Collected material:
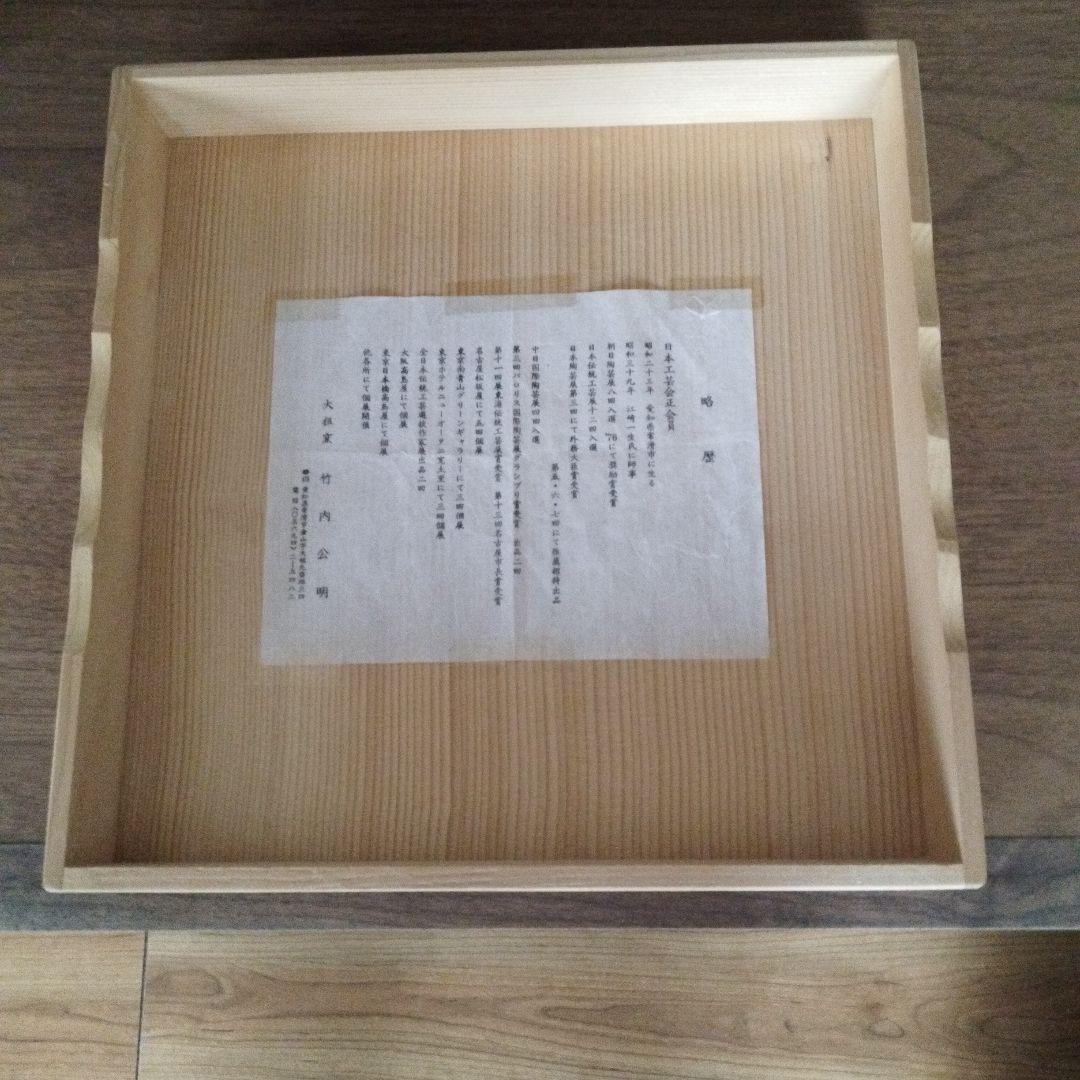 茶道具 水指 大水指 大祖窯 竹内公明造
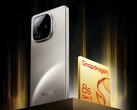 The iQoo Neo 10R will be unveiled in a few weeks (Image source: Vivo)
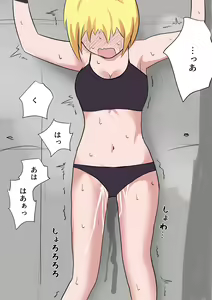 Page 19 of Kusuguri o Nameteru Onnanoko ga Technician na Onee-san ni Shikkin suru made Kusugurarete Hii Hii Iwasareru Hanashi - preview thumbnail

What you have to do: Write the listing above out again word for word, excluding all images.

Answer box:
 茶道具 水指 大水指 大祖窯 竹内公明造
 The iQoo Neo 10R will be unveiled in a few weeks (Image source: Vivo)
 Page 19 of Kusuguri o Nameteru Onnanoko ga Technician na Onee-san ni Shikkin suru made Kusugurarete Hii Hii Iwasareru Hanashi - preview thumbnail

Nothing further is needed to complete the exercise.